I claim as my invention:
1. In a cylinder top oiler for internal combustion engines, the combination with a casing structure embodying an oil reservoir, a vacuum chamber having a feed port, an oil line connecting the reservoir and chamber and provided with a delivery port in the chamber, and a carbureter connection arranged to drain the feed port and directly connected thereto but otherwise sealed from the vacuum chamber, of a cup surrounding the feed port with its rim well above the feed port and the floor of the chamber so that it may maintain an independent oil level above that in the chamber into which cup arranged on the floor of the chamber accumulations of oil on the floor of the vacuum chamber spill when the oil level in the latter reaches a given point, said cup being provided with a. minute orifice of less capacity than the feed port in a side wall thereof connecting it with the chamber below the rim of the cup and above the floor of the chamber.
2. In a cylinder top oiler for internal combustion engines, the combination with a casing structure embodying an intermediate casing body suspending a lower oil reservoir, a vacuum chamber dome superposed on the casing body above the oil reservoir and having a feed port, an oil line embodying a pipe extending vertically through the oil chamber and through the casing body and the dome to the exterior, said pipe being provided with a delivery portin the vacuum chamber and with a removable cap on its exterior end that both normally seals the. said pipe and secures the dome to the casing body, and a carbureter connection arranged to drain the feed port, of a screw plug in the pipe obstructing the oil line and around the threads of which the oil must travel a greater or less distance and with more or less frictional resistance according to the position of the plug, the latter being accessible for adjustment through the said outer end of the pipe above the dome.
3. In a cylinder top oiler for internal combustion engines, the combination with a vacuum chamber and an oil feed line connected to deliver thereto, of a cup on the floor of the chamber open at the top to receive overflow therefrom at a point well above the floor of the chamber so that the cup is normally sealed off from a low level of oil in the chamber, there being a feed port at the bottom of the cup, and a carbureter connection arranged to drain the feed port and directly connected therewith but otherwise sealed from the chamber, said cup being provided in its wall with a minute opening above the floor of the chamber and above a low level of oil therein for the purpose described.

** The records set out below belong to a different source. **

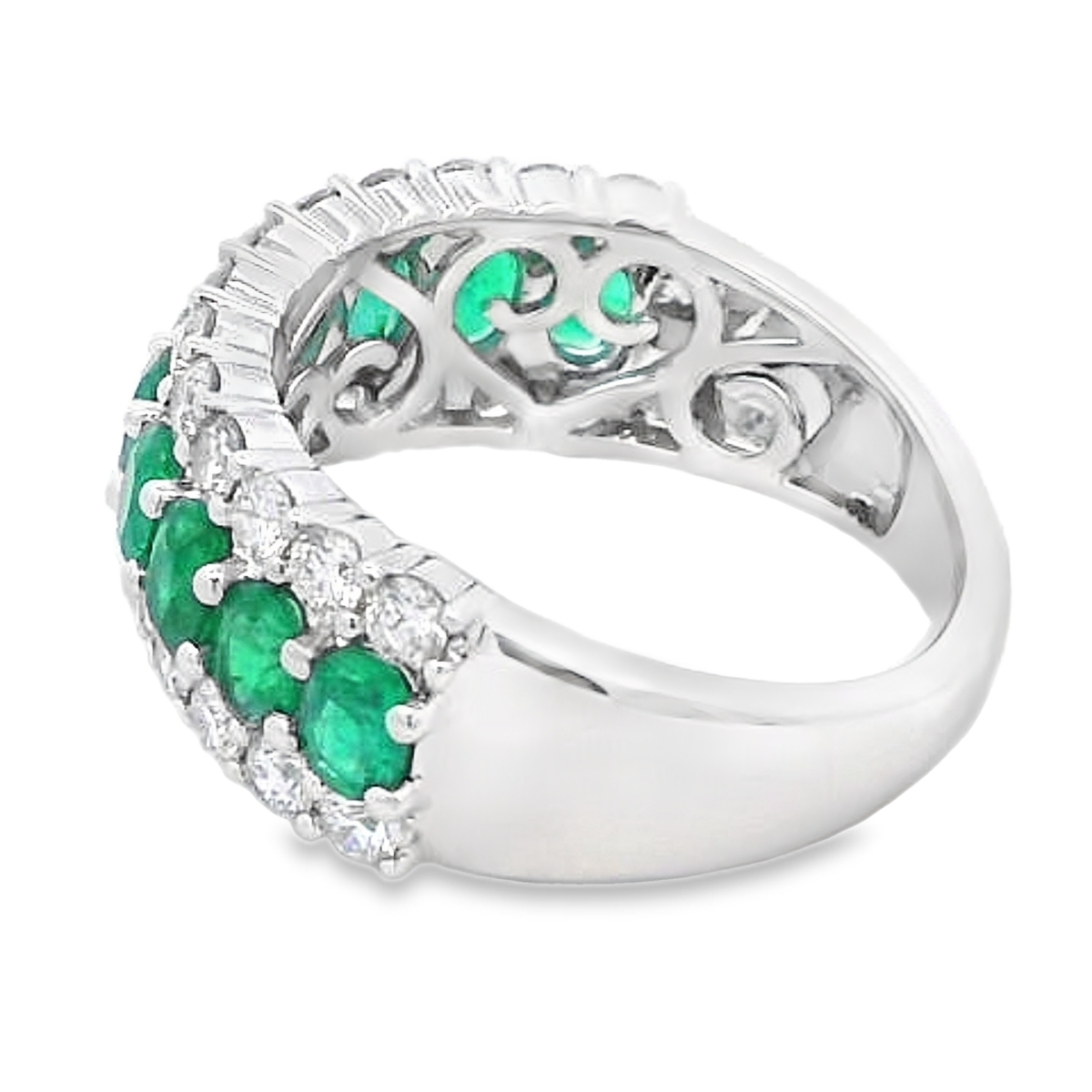 18K Yellow Gold Emerald and Diamond Wide Rows Ring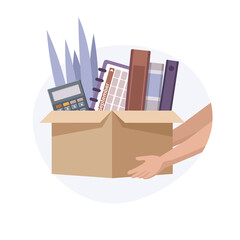 Concept of moving to new office. Cardboard brown box with office supplies - 467156045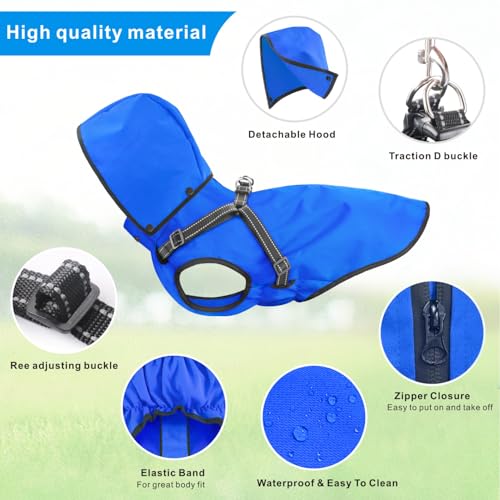 Mosucoirl Dog Raincoat Waterproof Dog Hoodie Reflective Doggie Raincoat Hooded Adjustable Rain Jacket for Small Medium Large Dogs Puppies Doggie Black Red Yellow Green (Blue, M)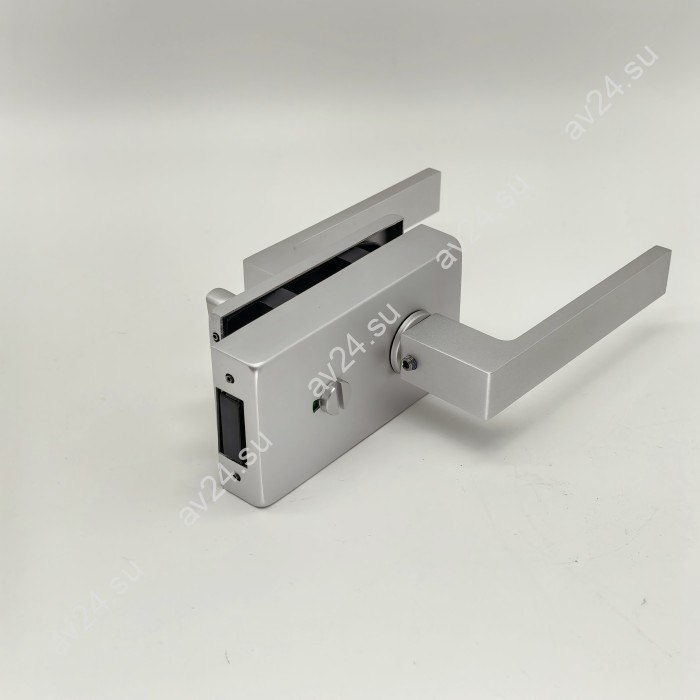 Замок с магнитным ригелем FMZ-44 с ответной частью на стену, с притвором механизм сантехническая защелка/вертушка, алюминий/анодированный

4. In a cylinder top oiler for internal combustion engines, the combination with a casing structure embodying an oil reservoir, a vacuum chamber embodying a dome superposed on the oil chamber and having a feed port, an oil line connecting the reservoir and chamber embodying a pipe extending vertically straight through the oil chamber and through the dome to the exterior and provided with a delivery port in the vacuum chamber, and a carbureter connection arranged to drain the feed port, of a screw plug, threaded from tip to tip, located in and obstructing the oil line around the threads of which plug the feed of oil must travel a greater or less distance and with more or less frictional resistance according to the position of the plug, said plug being accessible for adjustment through the outer end of the pipe.